Lichen sclerosus affects an estimated 1 in 300 to 1 in 1,000 people in the general population, making it relatively rare but far from unheard of. The true number is likely higher, because the condition is frequently misdiagnosed or goes undetected for years.
Prevalence by Age and Sex
Lichen sclerosus overwhelmingly affects women, particularly after menopause. A study of female Medicare beneficiaries found a prevalence of 0.7% in postmenopausal women, which translates to roughly 1 in 140. The condition has two peak windows of onset in females: the years before puberty and the perimenopausal or postmenopausal period. Between 7% and 15% of all cases occur in children.
Men develop lichen sclerosus too, though it’s diagnosed less often. In men, the condition almost always involves the foreskin and head of the penis and was historically called balanitis xerotica obliterans. Studies of men undergoing circumcision have found surprisingly high rates of lichen sclerosus in the removed tissue, ranging from 1% to over 60% depending on the population studied. The median age at diagnosis for men in one large study was 65. In mixed groups of adult and pediatric males referred for circumcision, the prevalence was 12% to 14%.

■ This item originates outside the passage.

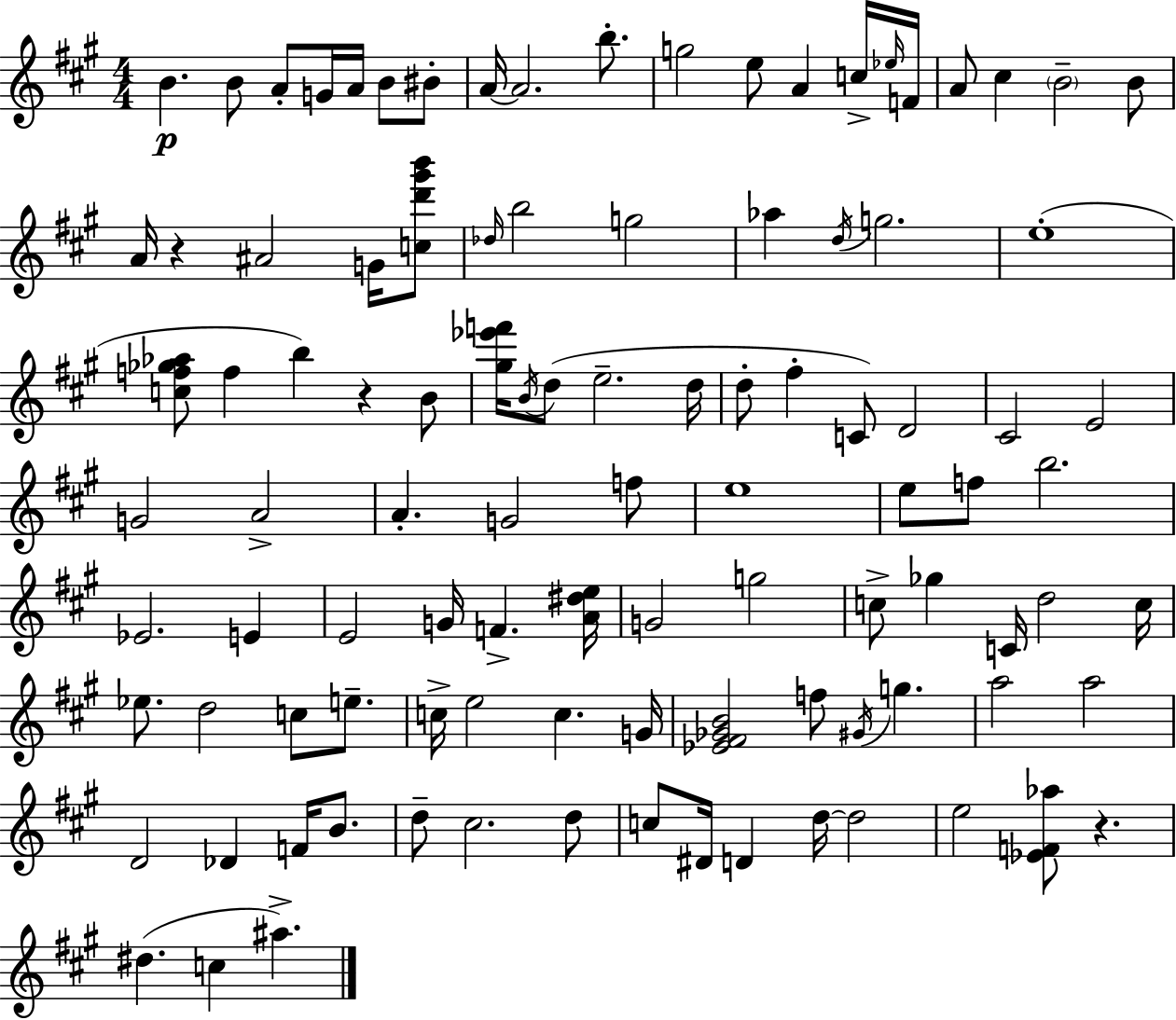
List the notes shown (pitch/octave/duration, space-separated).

B4/q. B4/e A4/e G4/s A4/s B4/e BIS4/e A4/s A4/h. B5/e. G5/h E5/e A4/q C5/s Eb5/s F4/s A4/e C#5/q B4/h B4/e A4/s R/q A#4/h G4/s [C5,D6,G#6,B6]/e Db5/s B5/h G5/h Ab5/q D5/s G5/h. E5/w [C5,F5,Gb5,Ab5]/e F5/q B5/q R/q B4/e [G#5,Eb6,F6]/s B4/s D5/e E5/h. D5/s D5/e F#5/q C4/e D4/h C#4/h E4/h G4/h A4/h A4/q. G4/h F5/e E5/w E5/e F5/e B5/h. Eb4/h. E4/q E4/h G4/s F4/q. [A4,D#5,E5]/s G4/h G5/h C5/e Gb5/q C4/s D5/h C5/s Eb5/e. D5/h C5/e E5/e. C5/s E5/h C5/q. G4/s [Eb4,F#4,Gb4,B4]/h F5/e G#4/s G5/q. A5/h A5/h D4/h Db4/q F4/s B4/e. D5/e C#5/h. D5/e C5/e D#4/s D4/q D5/s D5/h E5/h [Eb4,F4,Ab5]/e R/q. D#5/q. C5/q A#5/q.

Why the Numbers Are Probably Too Low
Official prevalence figures almost certainly undercount lichen sclerosus. The condition is misdiagnosed at striking rates. In one patient-centered study, over 90% of people who experienced a delayed diagnosis reported being misdiagnosed first. The most common wrong diagnosis was a yeast infection, accounting for nearly 45% of initial misdiagnoses. Others were told they had a sexually transmitted infection, dermatitis, vaginal atrophy, or vulvodynia.

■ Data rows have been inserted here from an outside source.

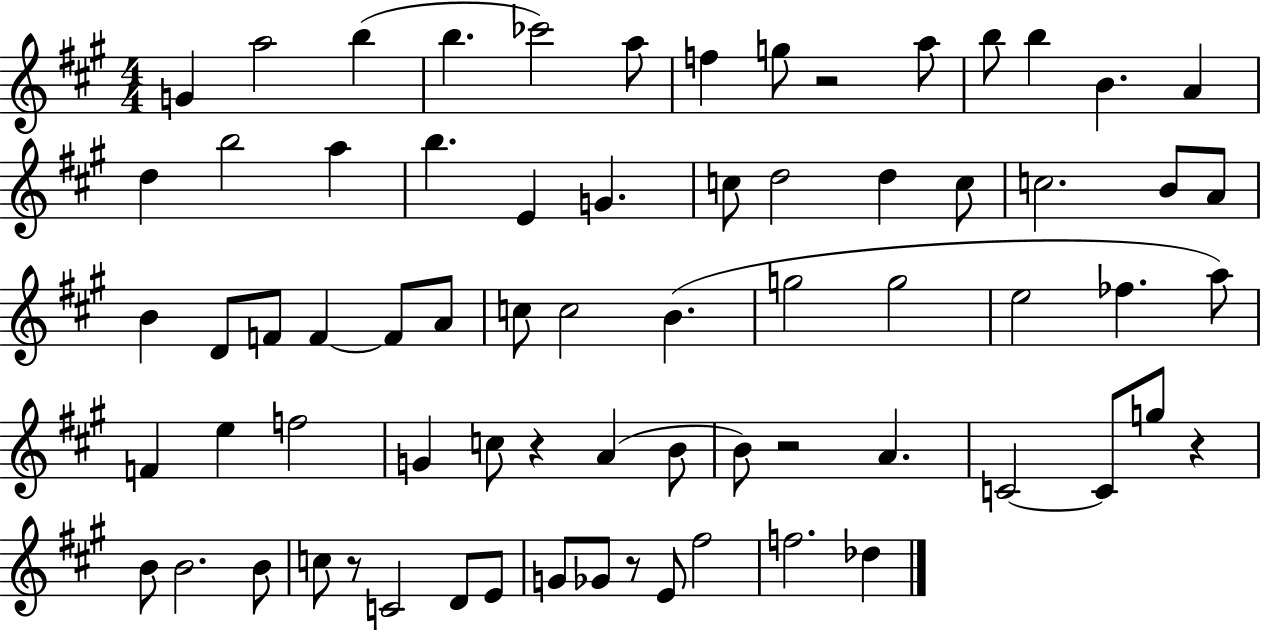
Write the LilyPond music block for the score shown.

{
  \clef treble
  \numericTimeSignature
  \time 4/4
  \key a \major
  g'4 a''2 b''4( | b''4. ces'''2) a''8 | f''4 g''8 r2 a''8 | b''8 b''4 b'4. a'4 | \break d''4 b''2 a''4 | b''4. e'4 g'4. | c''8 d''2 d''4 c''8 | c''2. b'8 a'8 | \break b'4 d'8 f'8 f'4~~ f'8 a'8 | c''8 c''2 b'4.( | g''2 g''2 | e''2 fes''4. a''8) | \break f'4 e''4 f''2 | g'4 c''8 r4 a'4( b'8 | b'8) r2 a'4. | c'2~~ c'8 g''8 r4 | \break b'8 b'2. b'8 | c''8 r8 c'2 d'8 e'8 | g'8 ges'8 r8 e'8 fis''2 | f''2. des''4 | \break \bar "|."
} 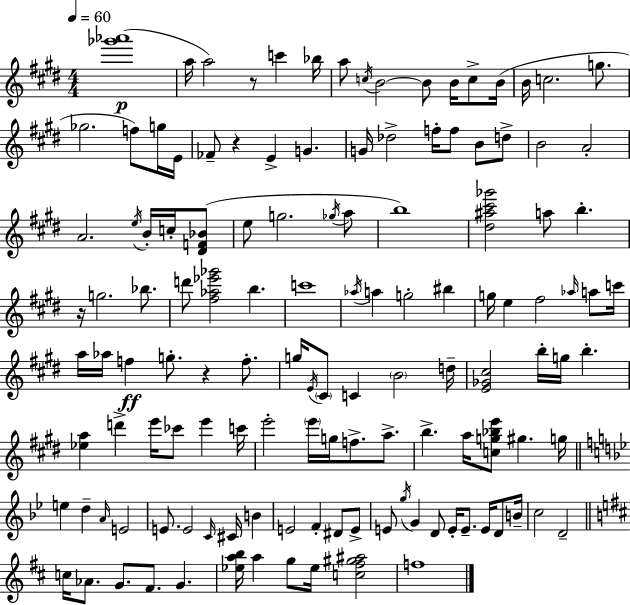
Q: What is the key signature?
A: E major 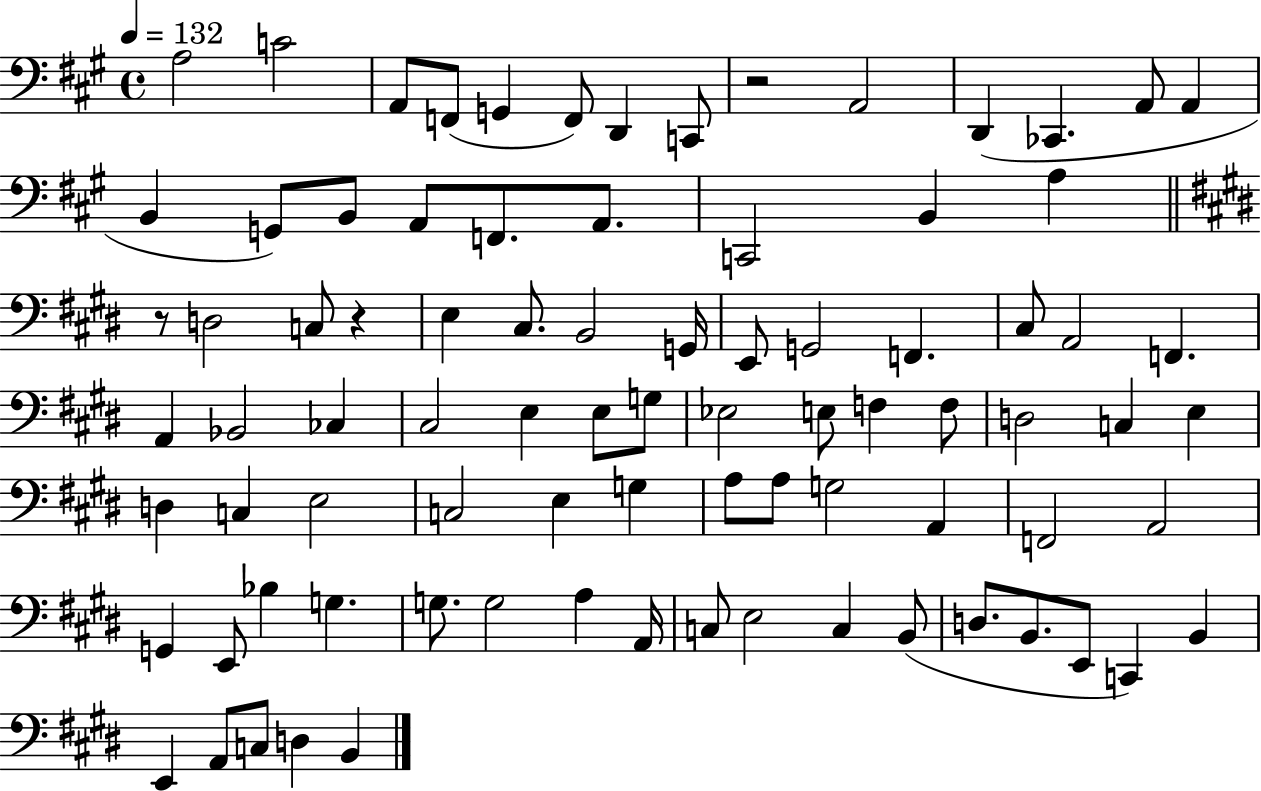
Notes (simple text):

A3/h C4/h A2/e F2/e G2/q F2/e D2/q C2/e R/h A2/h D2/q CES2/q. A2/e A2/q B2/q G2/e B2/e A2/e F2/e. A2/e. C2/h B2/q A3/q R/e D3/h C3/e R/q E3/q C#3/e. B2/h G2/s E2/e G2/h F2/q. C#3/e A2/h F2/q. A2/q Bb2/h CES3/q C#3/h E3/q E3/e G3/e Eb3/h E3/e F3/q F3/e D3/h C3/q E3/q D3/q C3/q E3/h C3/h E3/q G3/q A3/e A3/e G3/h A2/q F2/h A2/h G2/q E2/e Bb3/q G3/q. G3/e. G3/h A3/q A2/s C3/e E3/h C3/q B2/e D3/e. B2/e. E2/e C2/q B2/q E2/q A2/e C3/e D3/q B2/q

The average delay from first symptoms to a correct diagnosis is roughly three to five years. Adults wait an average of 4.6 years, while a study of prepubertal girls found an average delay of three years, which researchers noted was significantly longer than the one to two years previously assumed. During that time, patients often bounce between multiple specialists, including dermatologists, gynecologists, endocrinologists, gastroenterologists, allergists, and even psychiatrists before finally reaching a provider who recognizes the condition. About 12% of cases are discovered incidentally during a routine exam, meaning the patient had no idea anything was wrong.

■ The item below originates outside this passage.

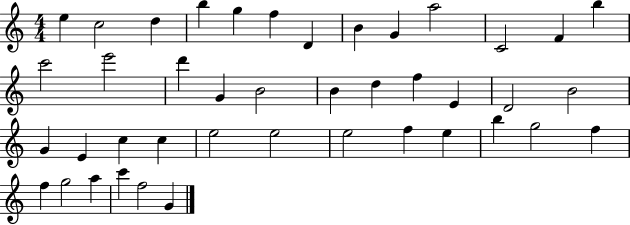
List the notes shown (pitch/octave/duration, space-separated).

E5/q C5/h D5/q B5/q G5/q F5/q D4/q B4/q G4/q A5/h C4/h F4/q B5/q C6/h E6/h D6/q G4/q B4/h B4/q D5/q F5/q E4/q D4/h B4/h G4/q E4/q C5/q C5/q E5/h E5/h E5/h F5/q E5/q B5/q G5/h F5/q F5/q G5/h A5/q C6/q F5/h G4/q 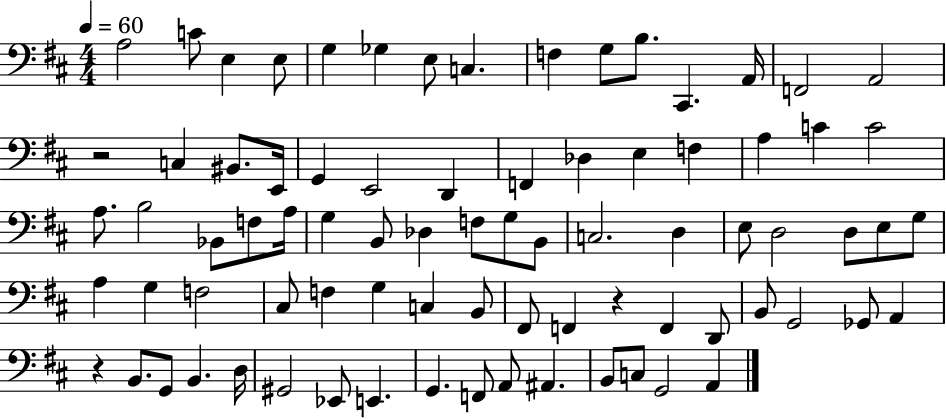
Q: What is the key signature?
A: D major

Because lichen sclerosus can be asymptomatic, mild, or mistaken for something else, many people with the condition are never formally diagnosed. That gap between reported prevalence and actual prevalence is why experts describe the exact numbers as unknown.
Where It Appears on the Body
In about 85% of cases, lichen sclerosus involves the genital skin. The remaining 15% to 20% of patients develop patches on other parts of the body, including the neck, shoulders, upper back, under the breasts, inner thighs, and wrists. Extragenital involvement can range from a small, well-defined patch to widespread areas of affected skin. Some people have both genital and extragenital lesions at the same time.
Autoimmune Connections
Lichen sclerosus clusters with other autoimmune conditions, which hints at shared underlying immune dysfunction. Between 20% and 30% of women with lichen sclerosus also have another autoimmune disease. Thyroid disorders are the most common overlap, present in 12% to 16% of affected women. Alopecia areata, an autoimmune cause of hair loss, is another recognized association. This pattern suggests that if you already have one autoimmune condition, you may face a modestly higher chance of developing lichen sclerosus.
Cancer Risk in Context
One of the reasons lichen sclerosus gets attention despite its relative rarity is the link to cancer. About 4% of women with the condition eventually develop vulvar squamous cell carcinoma, according to the American Cancer Society. In men, up to 20% with genital lichen sclerosus develop urethral strictures (scar tissue narrowing the urine channel), and a small percentage develop penile cancer. Among men diagnosed with penile squamous cell carcinoma, lichen sclerosus is found in the tissue 28% to 44% of the time.
These numbers don’t mean cancer is likely for any individual patient. A 4% lifetime risk in women means 96 out of 100 will not develop vulvar cancer from the condition. But the elevated risk compared to the general population is why long-term monitoring matters, especially for people with persistent or poorly controlled symptoms.
What Symptoms Look Like
The hallmark signs include porcelain-white patches of skin, intense itching, skin splitting or fissuring, and pain during sex or urination. Over time, untreated lichen sclerosus can cause scarring that changes the structure of genital tissue. In women, this can mean fusion of the labia or narrowing of the vaginal opening. In men, the foreskin can tighten to the point where it can no longer retract.
Some people experience only mild itching or no symptoms at all. Others deal with significant pain that affects daily activities and sexual function. Women whose primary symptom was pain during sex were nearly 10 times more likely to be misdiagnosed compared to those presenting with other symptoms, which partly explains why the diagnostic delay is so long for many patients.